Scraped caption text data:

____

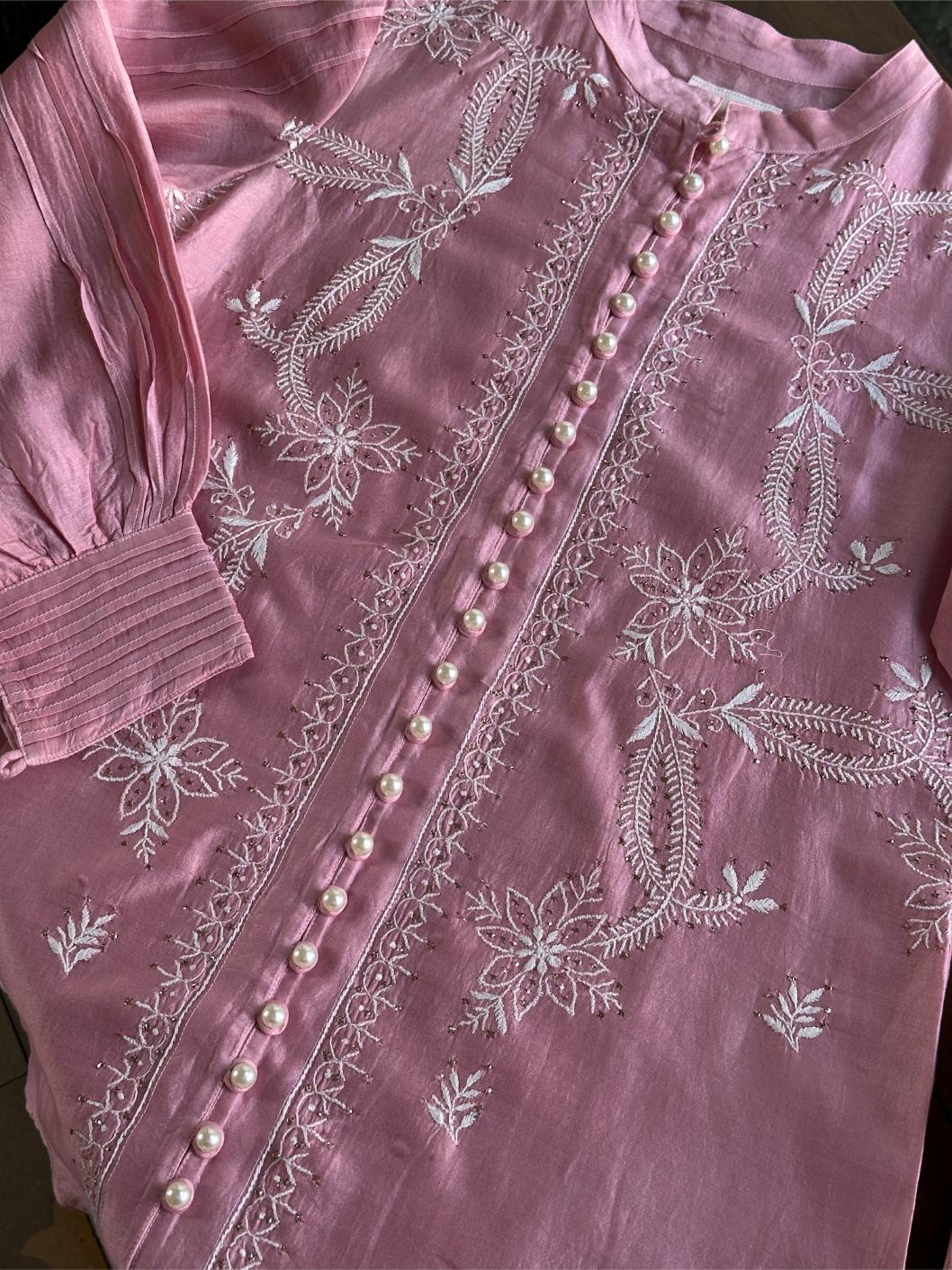 Pink Chanderi Chikankari Co-Ord Set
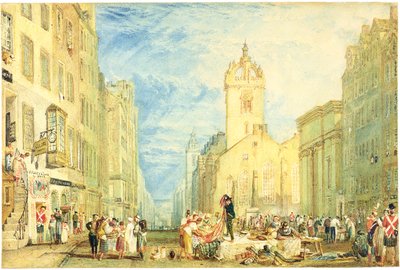 Hoogstraat, Edinburgh, c.1818 door Joseph Mallord William Turner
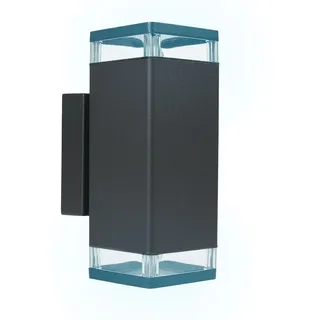 ETC Shop Außenleuchte Aluminium L 23,5 cm 2 Flammig GU10 schwarz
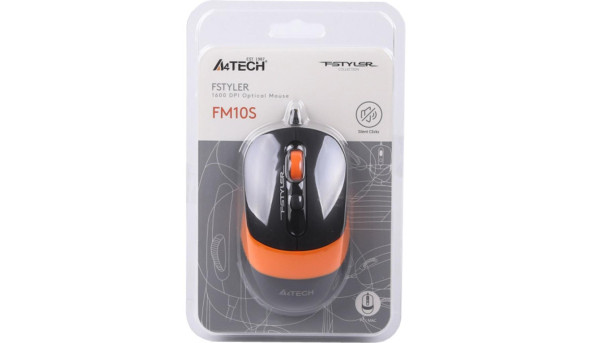Мишка A4-Tech Fstyler FM10S, 4 кн., 1600 dpi, безшумна, USB,помаранчева
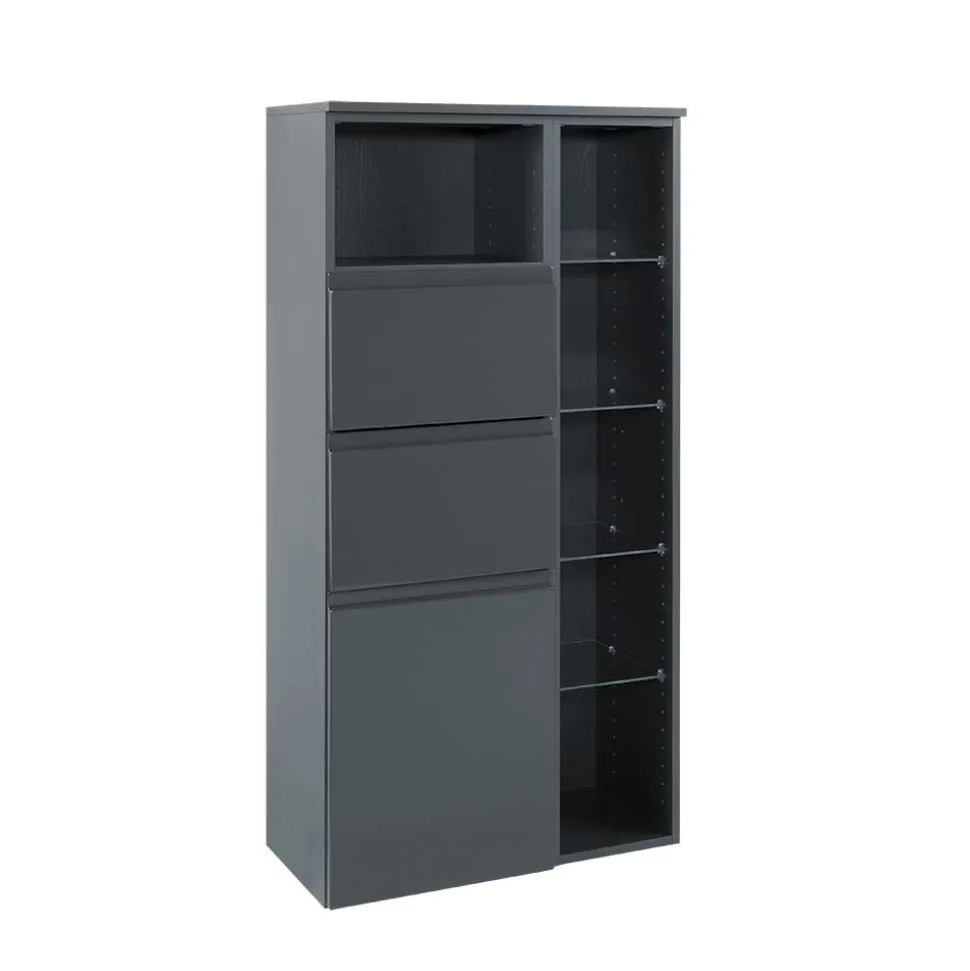 Badezimmer Seitenschrank Blaxin in Anthrazit Hochglanz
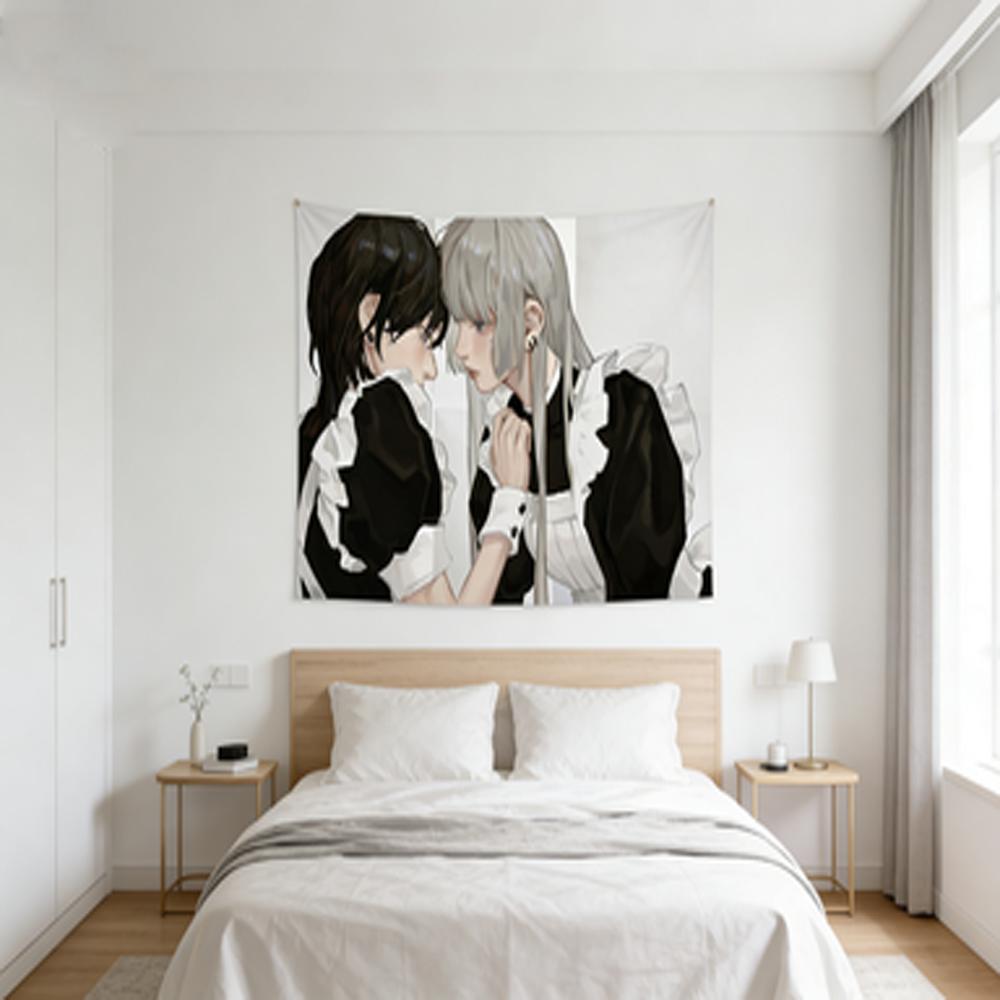Cute Maid Style Black White Flannel Wall Hanging Tapestry for Bedroom Headboard Decor Cute And Stylish Wall Hanging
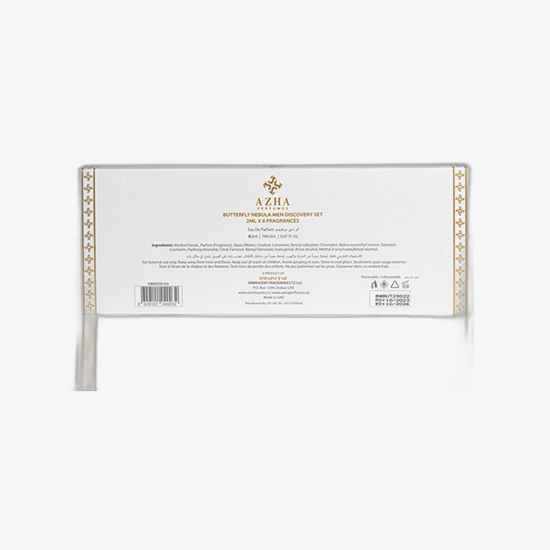 Azha Perfumes Butterfly Nebula Men kvepalų rinkinio pakuotė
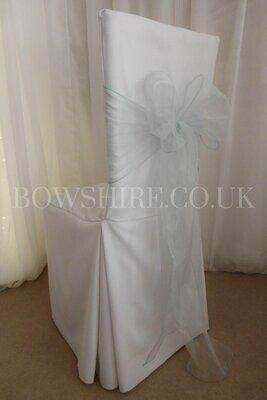 Light Blue Organza Sash for hire by Bows Hire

____

- Exercise directions -
The range to set down runs from the line containing "Cute Maid Style" through the final line of the data, both ends included; give it exactly and drop the pictures.

- Problem solution -
Cute Maid Style Black White Flannel Wall Hanging Tapestry for Bedroom Headboard Decor Cute And Stylish Wall Hanging
 Azha Perfumes Butterfly Nebula Men kvepalų rinkinio pakuotė
 Light Blue Organza Sash for hire by Bows Hire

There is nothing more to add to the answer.